Many of the world’s central bankers, including in Canada, had been stubbornly tied to low-for-longer interest-rate regimes following the recession in a concerted push to stimulate spending and investment.
Some policy makers turned darn right negative in an effort to repair the damage from the global collapse, plowing trillions of dollars into their financial systems when more traditional monetary efforts provided little joy on the home front.
But scratch the surface now, and the global economic recovery, while still tender, is displaying stronger signs of healing than it did even a few months ago. Given the recently robust — and surprising — growth in Canada, particularly in the labour market and consumer spending patterns, something was bound to give.
And, on July 12, it did.
The Bank of Canada, led by governor Stephen Poloz, delivered the country’s first rate increase since 2010, taking the trendsetting lending level to 0.75 per cent, up 25 basis points from where it had stood since two 0.5-per-cent cuts in 2015.
Despite the long wait, this was no rash decision. Like the seven-year itch, fidelity to a particular monetary policy can run its course.
It was, in the case of the BoC, simply time to move on — and up — after seven years without an interest rate increase. And there will be more upward monetary movements ahead.
“Economic data have been encouraging over the past few months, globally and especially for Canada,” BoC governor Stephen Poloz told reporters in Ottawa, following the interest rate decision.
Still, a major irritant remains south of the border. But even there, Poloz believes “delays in decision making in the United States (under the new Trump administration) seem to have moved some of those concerns more into the background.”

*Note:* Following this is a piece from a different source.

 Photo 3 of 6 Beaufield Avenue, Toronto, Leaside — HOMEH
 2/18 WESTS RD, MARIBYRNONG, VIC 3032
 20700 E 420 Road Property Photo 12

The bank’s latest Business Outlook Survey, for example, “finds very strong business sentiment, particularly for investment and hiring intentions, despite a lack of clarity about future U.S. policies.”
Others might disagree.
Pedro Antunes, deputy chief economist at the Conference Board of Canada, insists the country “needs things to really change for the economy to keep going.”
“We haven’t seen the private-sector investment to allow us to keep growing exports, to allow us to be competitive on that front. This year, what’s really been driving up the domestic economy has been the consumer on one hand — that very much related to the strong residential real estate activity, especially in key markets in Canada this year — and infrastructure,” he said.

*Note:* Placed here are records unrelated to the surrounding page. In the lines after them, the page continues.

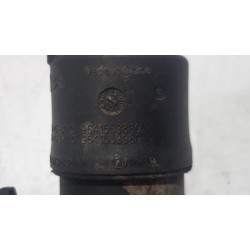 Renault - Kangoo - Front windscreen washer jet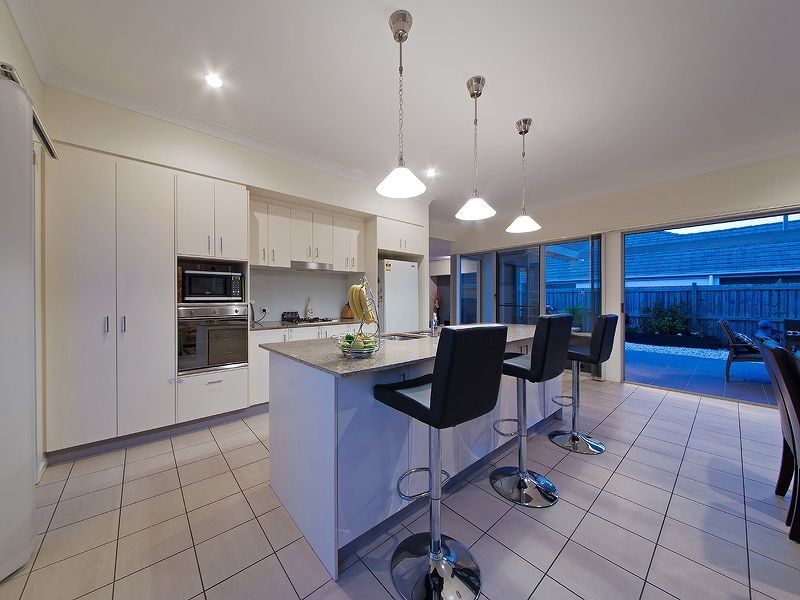 22 Hawksbury Crescent, Wakerley QLD 4154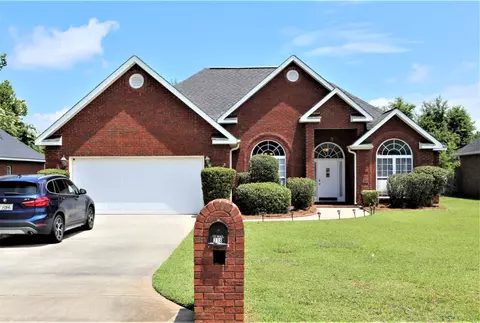 218 Sedgebrooke Dr, Warner Robins, GA 31088
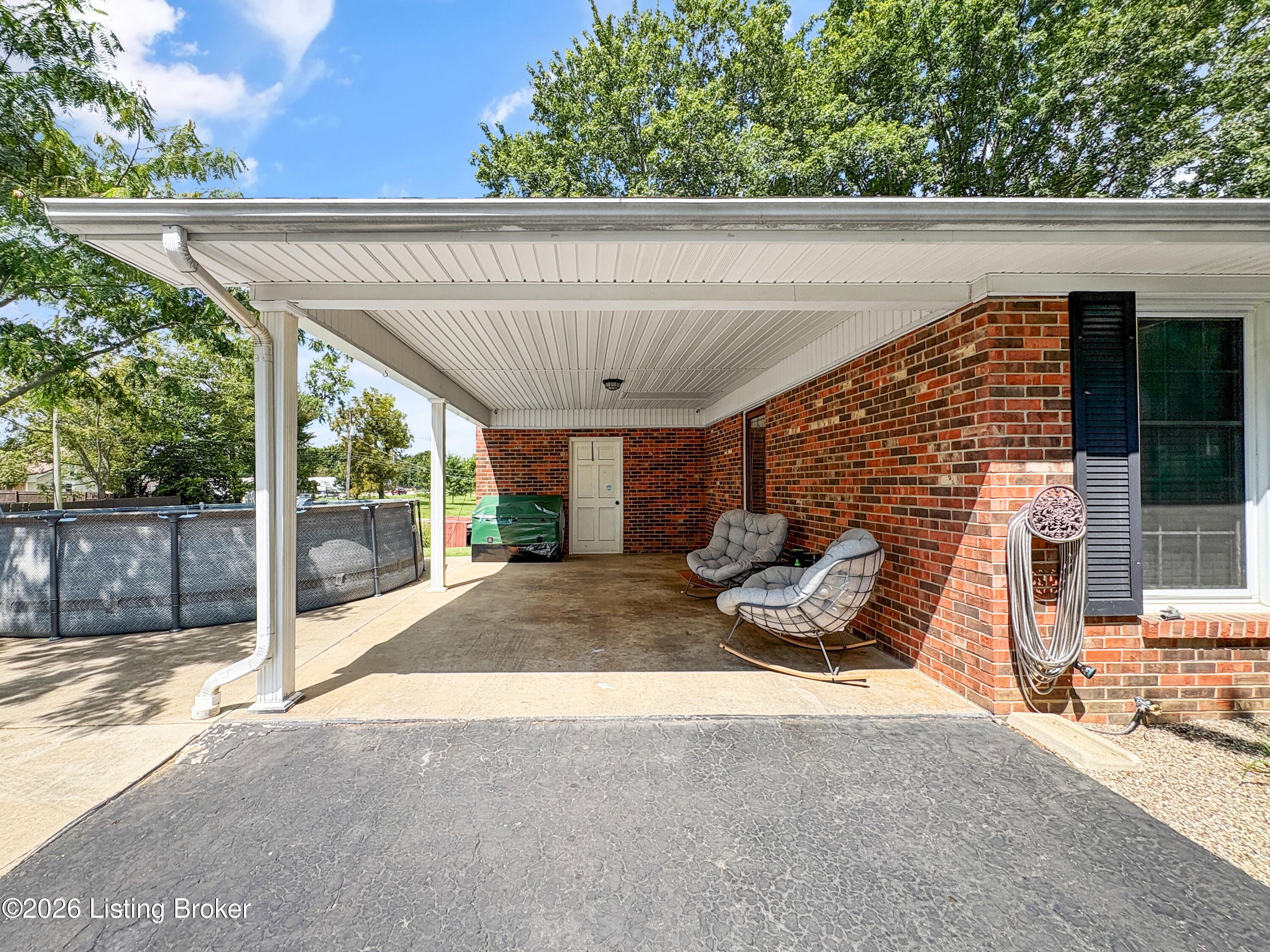 102 Walnut St Property Photo 22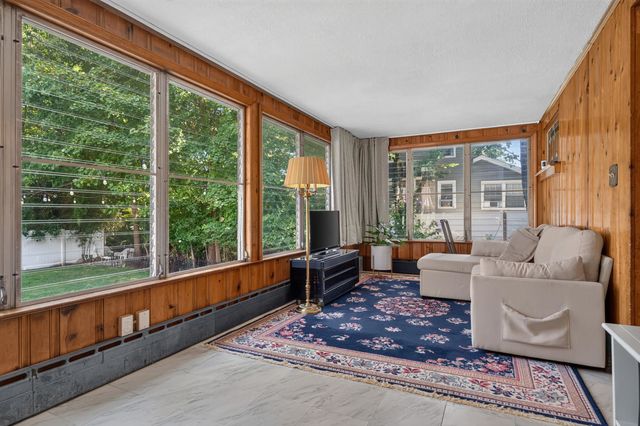 38 SHADYSIDE AVE, Dumont, NJ 07628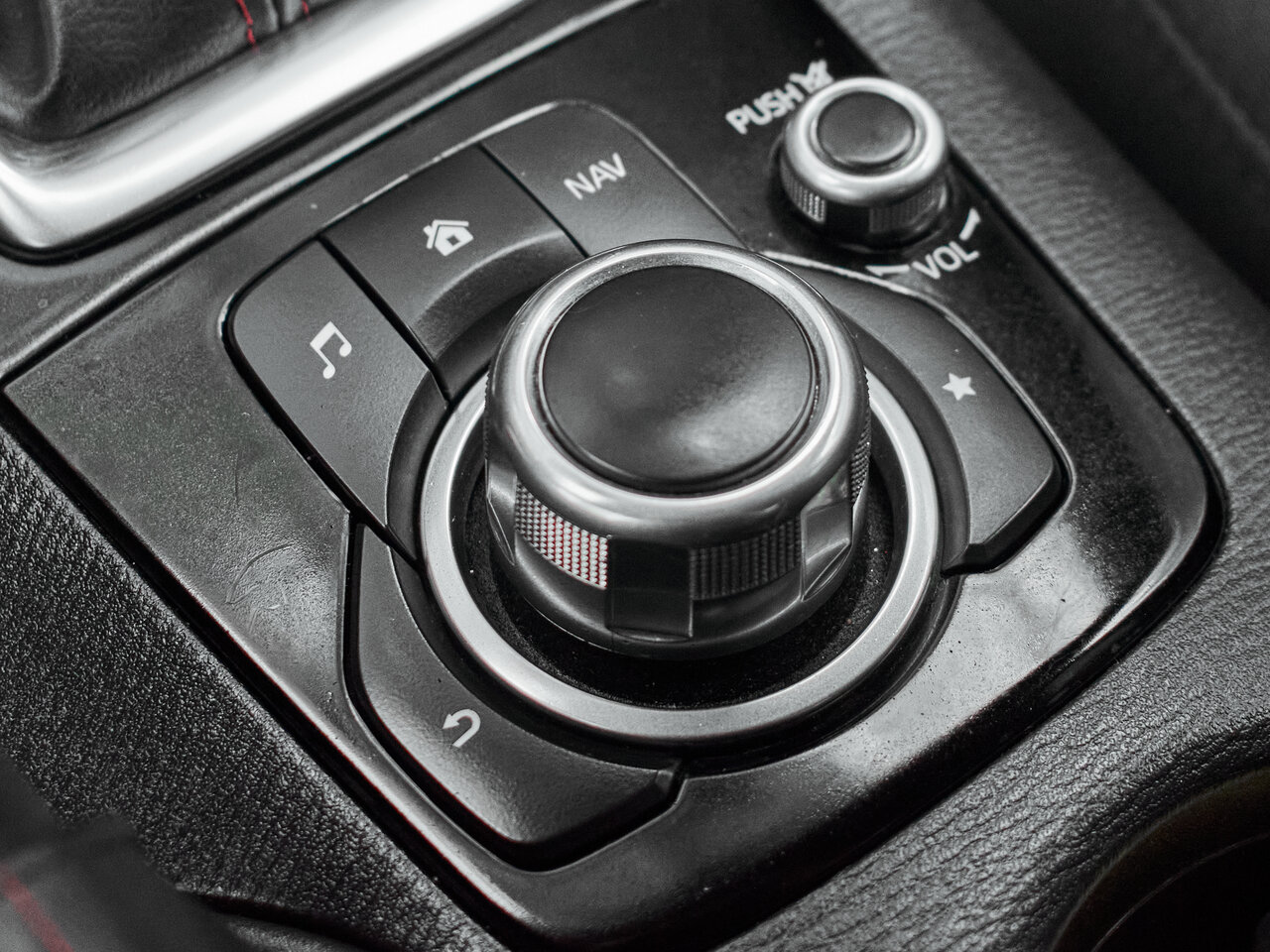 Купить Mazda 3 1.6 AT (104 л.с.), 2014 в Екатеренбурге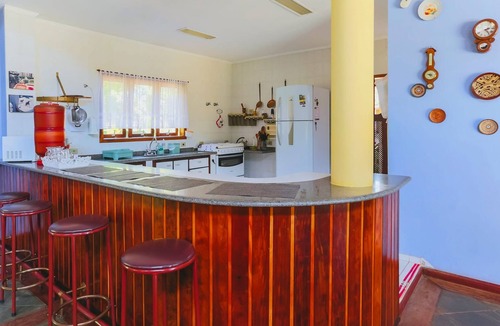 Ibiuna House | Casa ampla com piscina e área externa em Ibiúna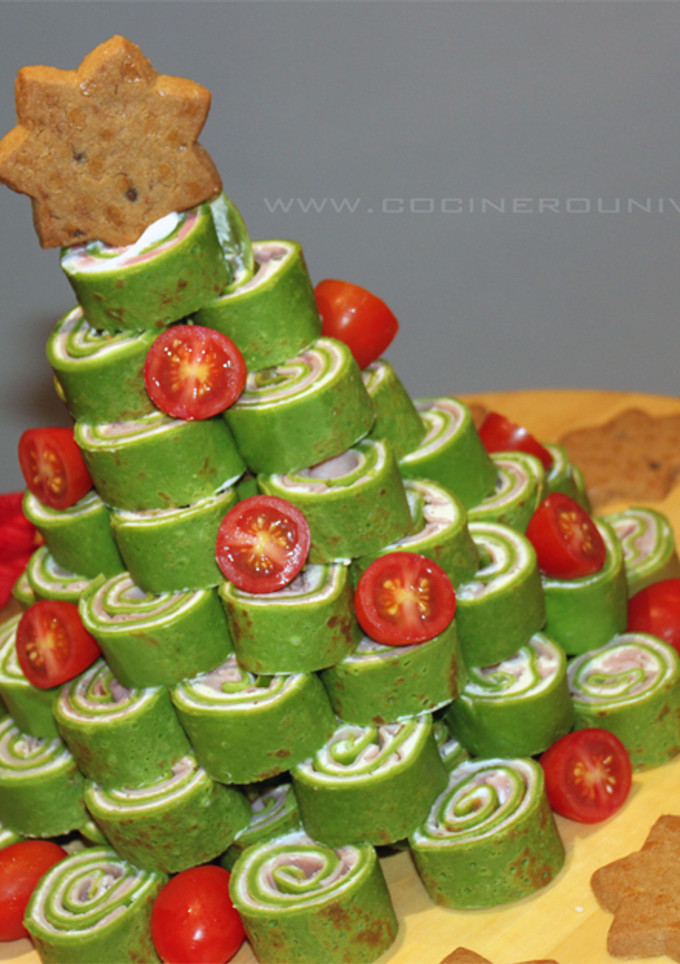 Una foto de Árbol de Canapés Navideños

Antunes expects infrastructure activity to “kick in a little bit more firmly over the rest of the year.”
“Of course, we have had a very expansionary monetary policy that has been in place for a number of years. But really, with the domestic drivers that are helping to lift growth this year, we think those will ease off. So, real estate markets should ease off next year. We’re already hearing about signs of that even today.”

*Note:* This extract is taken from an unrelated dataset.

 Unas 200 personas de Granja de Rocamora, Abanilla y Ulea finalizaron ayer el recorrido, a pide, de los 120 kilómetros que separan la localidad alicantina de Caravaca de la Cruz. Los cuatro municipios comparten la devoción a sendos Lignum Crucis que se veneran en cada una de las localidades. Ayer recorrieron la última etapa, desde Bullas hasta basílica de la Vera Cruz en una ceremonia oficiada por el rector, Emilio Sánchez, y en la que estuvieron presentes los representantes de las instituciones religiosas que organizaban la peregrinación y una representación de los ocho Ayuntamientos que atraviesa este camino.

For now, policymakers are forecasting economic growth of 2.8 per cent this year, followed by two per cent in 2018 and 1.6 per cent in 2019. Not bad when compared to other major industrialized nations. Household spending still accounts for much of our GDP growth, along with improving export activity and – to a lesser extent – business investment.
By comparison, the U.S. is expected to expand by 2.2 per cent in 2017, 2.1 per cent the following year and 1.8 per cent in 2019.
So far, the data seems to back up the positive overall outlook for the economy, and the possibility of another rate hike. The bank’s next policy meeting is scheduled for Sept. 6, but most analysts do not expect any decision on the trendsetting lending level until at least a month later, all the better to gauge the initial impact of the July decision.
Other indicators have improved as well, which could make it even more difficult for policymakers to hold off scratching again, at least for now.
Last week alone, Statistics Canada reported manufacturing sales rose 1.1 per cent in May to $54.6 billion — the third straight monthly advance — beating expectation of a 0.8-per-cent gain for the month.
The factory increases were led by sales in the transportation equipment and chemical manufacturing industries, the federal data agency said last Wednesday.
Retailers also appeared to benefiting from the recent improvement in the economy, with Statistics Canada saying Friday that sales in June were up 0.6 per cent, beating the average private-sector forecast for a 0.3-per-cent advance and surpassing a meager 0.2 per cent gain in May.
Sales for shopping outlets have now increased for three months in a row.
Meanwhile, the inflation rate appears to be cooling more than anticipated. Statistics Canada reported Friday that annual price gains amounted to just one per cent in June, a 20-month low and far weaker than the central bank’s two-per-cent target. The Consumer Price Index came in at 1.3 per cent in May.
“There was nothing especially wonky about June’s results,” BMO Capital Markets said in a note to investors. A 3.7 per-cent month-over-month drop in gasoline prices “explained most of the headline weakness.”
“Overall, there’s nothing here to keep the BoC from staying on its gradual — presumably very gradual — tightening path,” said BMO’s chief economist Douglas Porter.
One thing is for sure, Canadians will not have to wait another seven years for the next interest rate itch.